明晰夢を見ることができる人に、顔の筋肉を動かす練習をしてもらう。それで情報を3文字以下の単語で転送することができるようにトレーニングする。そして実際に明晰夢を見てもらって、研究者に情報を送ってもらおうという実験。
意図としては面白い。体験している夢の世界をリアルに報告できたら素晴らしいと思う。だけど結果として失敗している。精度が圧倒的に低い。その理由として、この研究機関は「人々が顔の筋肉を1つだけ使うのは難しいということです。人は意図せず複数の筋肉を緊張させてしまい、筋電図センサーがすべて検出してしまうのです」と述べている。
確かにそうかもしれない。だけど最初に書いたように、明晰夢という現象に対して理解が不足していると思う。この実験の何が無理ゲーなのか。数えきれないほど明晰夢を体験しているボクの意見を述べよう。
明晰夢を見ているとき人間の意識は、肉体との共鳴が一時的にミュートされている。あまり詳しく書くと本を1冊書かないといけないので、簡単に説明しよう。人間の肉体は物理的にはひとつに見える。だけど実際は複数の肉体がレイヤー状になっている。それぞれの肉体の振動数が違うので、他の肉体からは知覚できないだけ。
明晰夢を見ている人は「自意識」が肉体との共鳴を解除して、別の振動数の肉体と共鳴している。物理事件に影響されない肉体と共鳴しているから、空を飛んだり、壁を抜けたり、見ている世界を変えることができる。映画の『インセプション』の世界観と同じ。
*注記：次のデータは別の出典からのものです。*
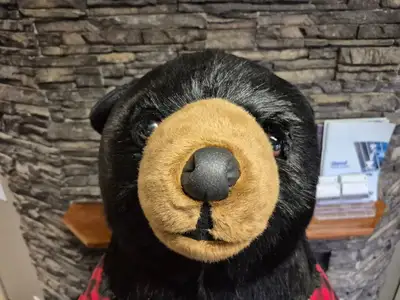 6'-3" Black Bear Display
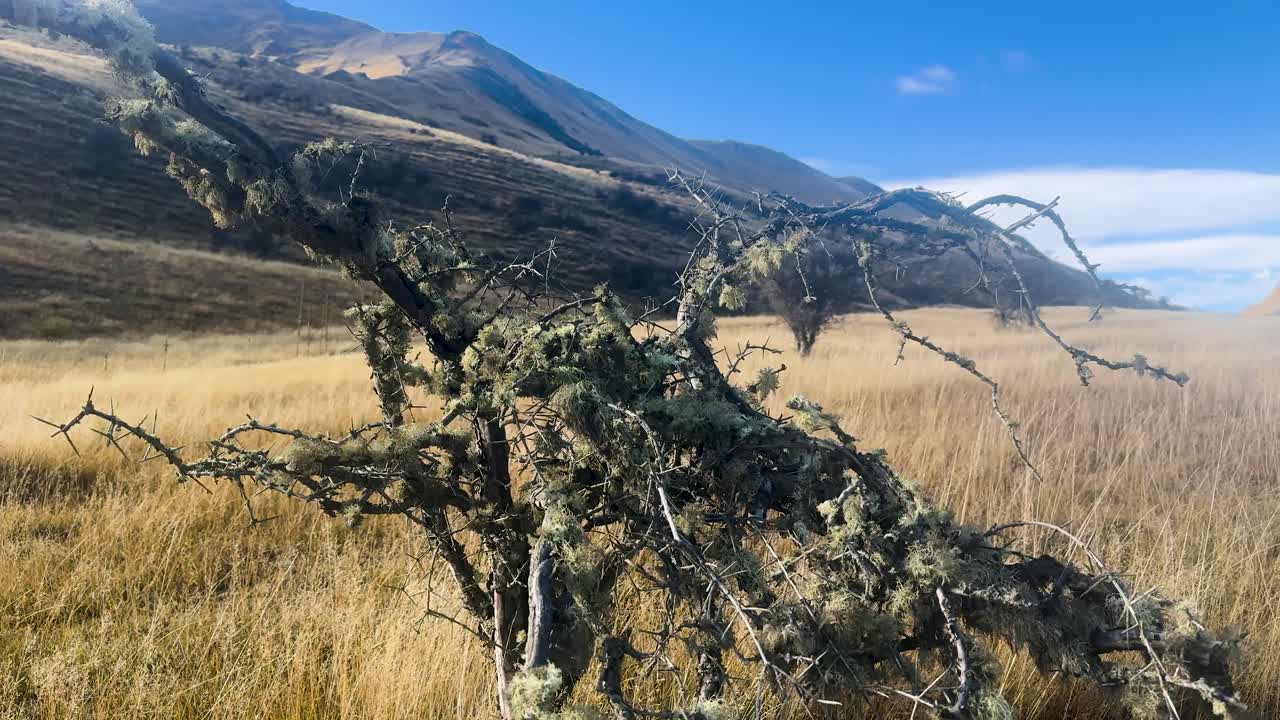 Camera slowly pans past lichen-covered tree in golden grassland, revealing distant mountains under sunlight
つまり使用している肉体が物理次元のものではないので、動かそうとしても思うように動かせない。それでも強靭な精神力で顔の筋肉を動かしたとしよう。するとどうなるか?
『明晰夢から覚めてしまう』
無理やりに物理次元の肉体を動かすことで、他のレイヤーと共鳴していた「自意識」が肉体との共鳴を復活させてしまう。そもそも日常的に繋がっている肉体なので、きっかけがあればすぐに戻ってしまう。明晰夢を見ている最中に興奮すると、肉体からアドレナリンが出る。それだけでも夢から覚めてしまう。
だから夢を見ている人が、リアルタイムで起きている人にコミュニケーションを取るのは難しい。不可能ではないけれど、高度なスキルとトレーニングが必要だと思う。つまり無理ゲーだということだね。